Reinig het stofreservoir (6) na elk gebruik om de optimale prestaties van de zuiger te behouden.

  • Houd de zuiger boven een geschikte afvalbak.
  • Druk op de ontgrendelingstoets (7) om de afvoerklep (8) te openen.
  • Schud het stofreservoir (6) uit.
  • Sluit de afvoerklep (8) zodanig dat deze hoorbaar vastklikt.
  • Maak indien nodig het grofvuilfilter (1) leeg en reinig de Rotational-Airflow-eenheid (17) en het filter (16).

  • Draai het grofvuilfilter (1) tot aan de aanslag in richting en pak deze uit het stofreservoir (6).
  • Schud het grofvuilfilter en het stofreservoir boven een geschikte afvalbak uit.
  • Steek het grofvuilfilter (1) in het stofreservoir (6) en draai dit tot aan de aanslag in richting .

  • Houd de zuiger zoals afgebeeld iets omlaag, zodat bij het openen van de zuiger het stof niet uit het stofreservoir kan vallen.
  • Druk op de ontgrendelingstoets (2) en neem het stofreservoir (6) van het motorhuis (5) af (zie afbeelding E1).
  • Pak de filtergrepen (15) vast en trek de Rotational-Airflow-eenheid (17) met het filter (16) uit het stofreservoir (6) (zie afbeelding E2).
  • Schud het stofreservoir (6) en de Rotational-Airflow-eenheid (17) boven een geschikte afvalbak uit (zie afbeelding E3).
  • Plaats de Rotational-Airflow-eenheid (17) met het filter weer in het stofreservoir (6).
  • Duw de vergrendelingslip (18) naar boven en pak het filter (16) weg (zie afbeeldingen F1F2).
  • Klop het filter licht op een stevige ondergrond uit om het stof los te maken.
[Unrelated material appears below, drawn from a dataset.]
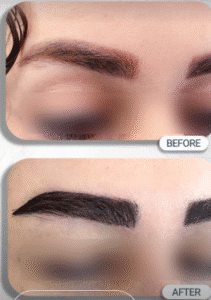 نمونه کاشت ابرو کلینیک زیبایی مریم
Vervang een beschadigd filter.
  • Plaats het gereinigde filter (16) in de Rotational-Airflow-eenheid (17).
  • Hang het stofreservoir (6) onder in het motorhuis (5). Laat het stofreservoir onder lichte druk hoorbaar in het motorhuis vastklikken.

Om zuiger en zuigaccessoires plaatsbesparend op te bergen, kunt u de wandhouder (19) (accessoire) gebruiken.

Voor een optimale zuigcapaciteit maakt u regelmatig stofreservoir (6) en grofvuilfilter (1) leeg en reinigt u regelmatig Rotational-Airflow-eenheid (17) en filter (16).

Controleer bij onvoldoende zuigcapaciteit:

  • Is het stofreservoir (6) vol?
    ▷ Maak het stofreservoir leeg.
  • Is het grofvuilfilter (1) dichtgelopen met vuil?
    ▷ Maak het grofvuilfilter leeg.
  • Zijn de Rotational-Airflow-eenheid (17) of het filter (16) dichtgelopen met stof?
    ▷ Reinig de Rotational-Airflow-eenheid en het filter.
  • Is de capaciteit van de accu (4) te gering?
    ▷ Laad de accu op.

Als de zuigcapaciteit daarna niet wordt bereikt, neem dan contact op met de Bosch-klantenservice.